Он лежал неподвижно, и мне стало его жалко, как никого. Я давно приучил себя, а может, и не приучил, так само собой получилось, занимать место того человека, о котором приходилось судить. Война, а к тебе пришло то, что приходит раз в жизни. Бывает же оно…
А у тебя было?
Не было еще у меня такой девушки, чтобы я мог умереть за нее. Вот сейчас я могу умереть за всех, но не за одну.
Была девушка, перед окнами которой, прибежав из
Еще была маленькая девочка, которая подарила мне на память большой портрет Пушкина под стеклом, когда мы поменяли квартиру и я совсем уходил из той школы, где учился в младших классах. Я оставил портрет в подъезде, боясь принести его домой. Но на портрете была надпись, моя фамилия, в дверь позвонили и вернули его, а надо мной долго смеялись сестры…
Это уже далекое… А запомнилось. Все далекое я нес в себе, все это и был я.
А девушки не было. Не было у меня отчаянной спешки на свидания, чистки ботинок и заглядывания в зеркало, не было ожидания под безжалостными уличными часами с букетиком глупых незабудок, вянущих в руке. Накануне всего этого нас призвали в армию. И если мы вернемся с войны, все уже будет по-другому, без суматошных восторгов.
Самой большой потерей на войне уже стала потеря юности.
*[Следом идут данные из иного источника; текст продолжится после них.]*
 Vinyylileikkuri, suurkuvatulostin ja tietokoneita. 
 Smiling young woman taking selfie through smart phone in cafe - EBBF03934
Если можно было потерять то, чего не было…
Жизнь уже успела отнять у нас что-то. У кого мечту об интересной профессии. У кого девушку, обманувшую и ушедшую с другим, — это всегда беспощадно. У кого родителей. У нас уже была где-то ободрана кора, а где-то сломана ветка. Но как рассказать о том, что происходило сейчас? Не одну ветку хотели сломать, не ссадину от топора оставить, нас хотели вывернуть из почвы вместе с миром наших реальностей и сказок, со всем, чем дышалось. Из-под этого неба.
И вся ненависть, которой способна охватиться человеческая душа, прозрела и смотрела прозревшими глазами туда, откуда надвигалась на нас смертельная угроза. Фашисты! Кто они такие? Почему они гонят нас по родной земле?
— Калинкин!
Толя вскочил, будто и не лежал на траве, а Белка поискал глазами меня. Я уже завернул в байку и прятал в ящик вытертую панораму.
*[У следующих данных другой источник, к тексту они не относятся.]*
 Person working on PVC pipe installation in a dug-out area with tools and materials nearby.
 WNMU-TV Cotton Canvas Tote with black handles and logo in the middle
— И Прохоров! За старшиной!
Толя побежал трусцой, не оглядываясь, я пустился за ним, но в начале проулка, за три-четыре дома от нашей поляны, он остановился как вкопанный.
— Дальше я не пойду.
— Почему?
— Там Галя. Там, где старшина. — Он показал мне на дом со старой черепичной крышей, высоко вставшей над зеленью. — Я подожду вас.
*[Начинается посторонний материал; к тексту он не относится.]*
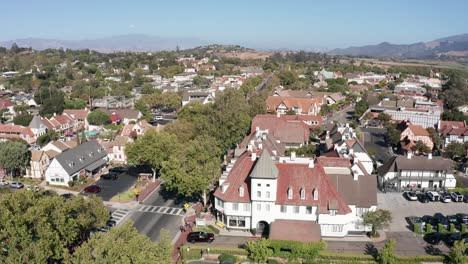 Aerial-low-panning-shot-of-the-quaint-Danish-town-of-Solvang-in-Central-California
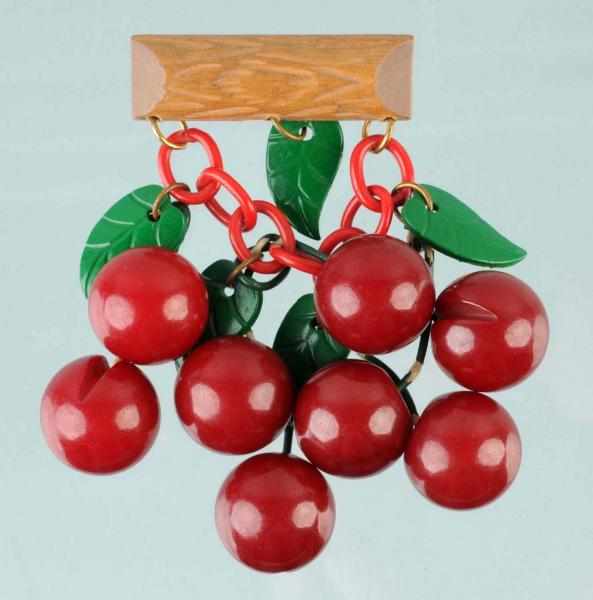 Appraisal: Vintage Bakelite Carved Bing Cherry Brooch Description Wooden bar and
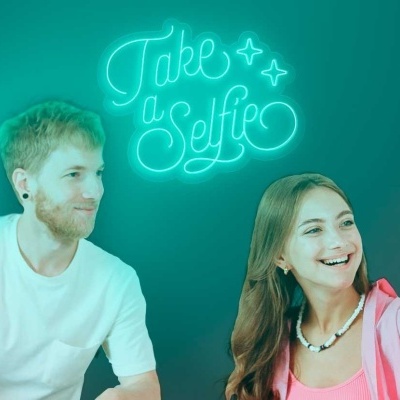 Dois jovens tiram selfie com luz verde e texto 'Take a Selfie' ao fundo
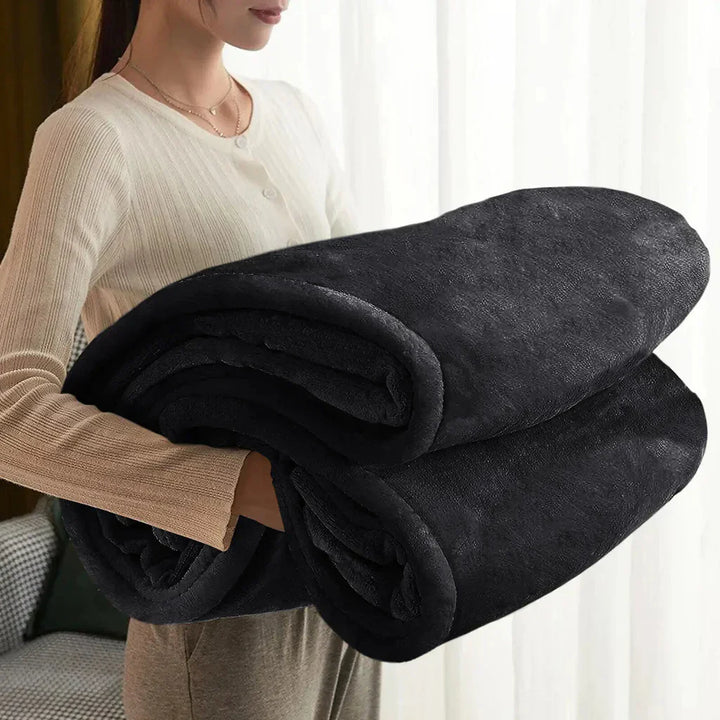 Elegante Fleece Wohndecke, vielseitig einsetzbar; weich & warm für gemütliche Stunden am Sofa.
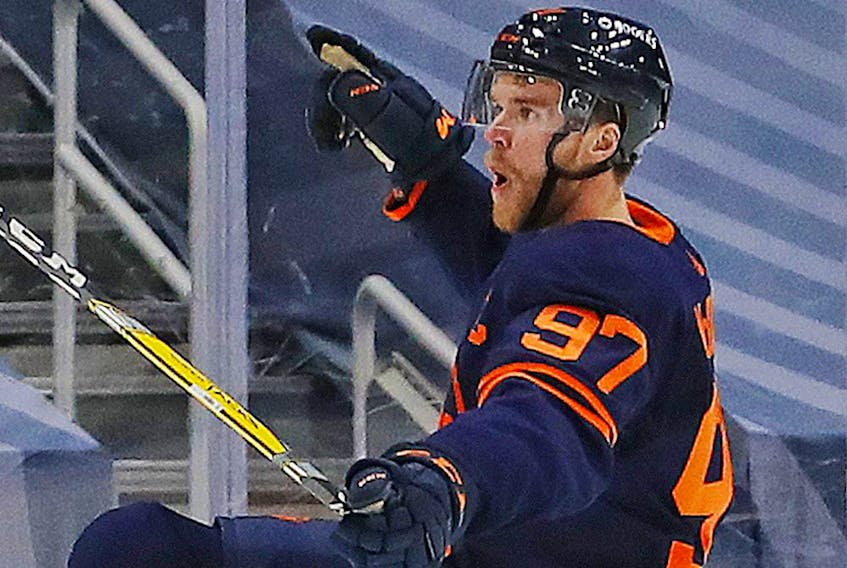 Oilers superstar Connor McDavid registered the first hat-trick of the NHL season and added an assist in Edmonton's 5-2 win over the Canucks on Thursday.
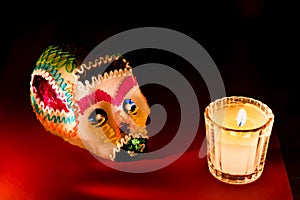 Sugar skull and candles - Calaverita - Ofrenda Dia de muertos photo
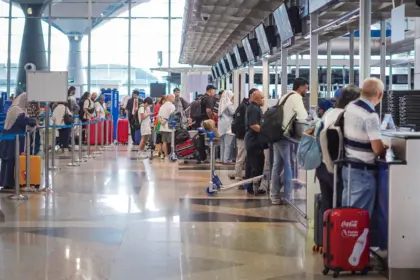 The image shows people in a long queue waiting to be seen at the several security desks at the side of the image.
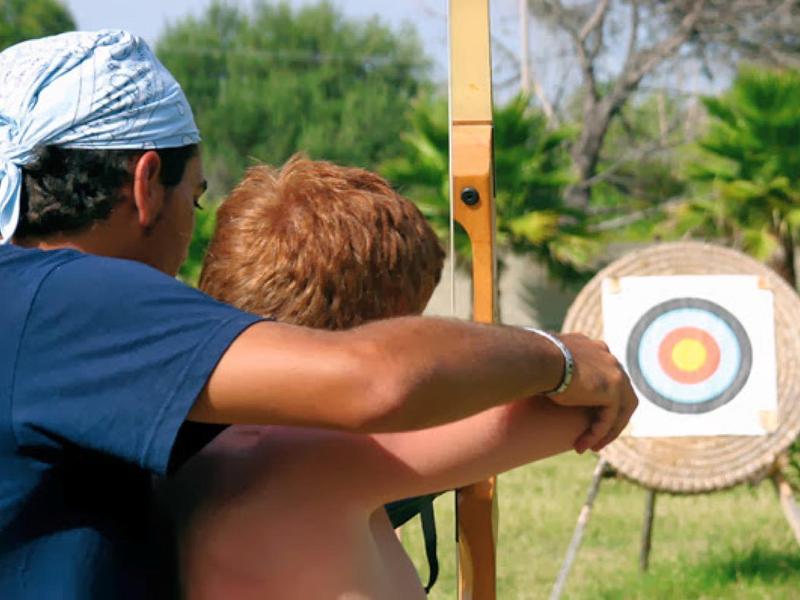 Deux personnes pratiquent le tir à l'arc en plein air devant une cible.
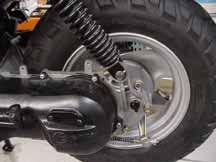 Test the rear brake by applying pressure to the brake lever. Try pushing the vehicle with the brakes applied. If the rear wheel turns the brakes may need to be adjusted or replaced. 1.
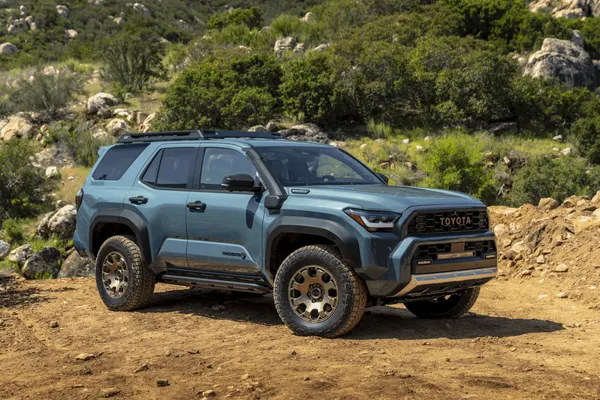 A 2025 Toyota 4Runner Trailhunter in Everest green tackling a rocky trail, showcasing its 10.1-inch ground clearance and Old Man Emu suspension.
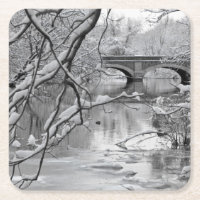 Arch Bridge over Frozen River in Winter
Старшина сидел за столом, перед зеркалом, с крахмальным рушником на коленях, которым он не рисковал промокать порезы на только что выбритом лице, чтобы не оставить о себе плохой памяти, и промокал их кончиком своего по-старшински свежего носового платка, выполосканного вчера в самодельной бане. Порезы были бедой Примака. Он всегда ходил с засохшими царапинами на щеках и выспрашивал у младших командиров, нет ли где кровоостанавливающих квасцов. Они были дефицитом в аптеках.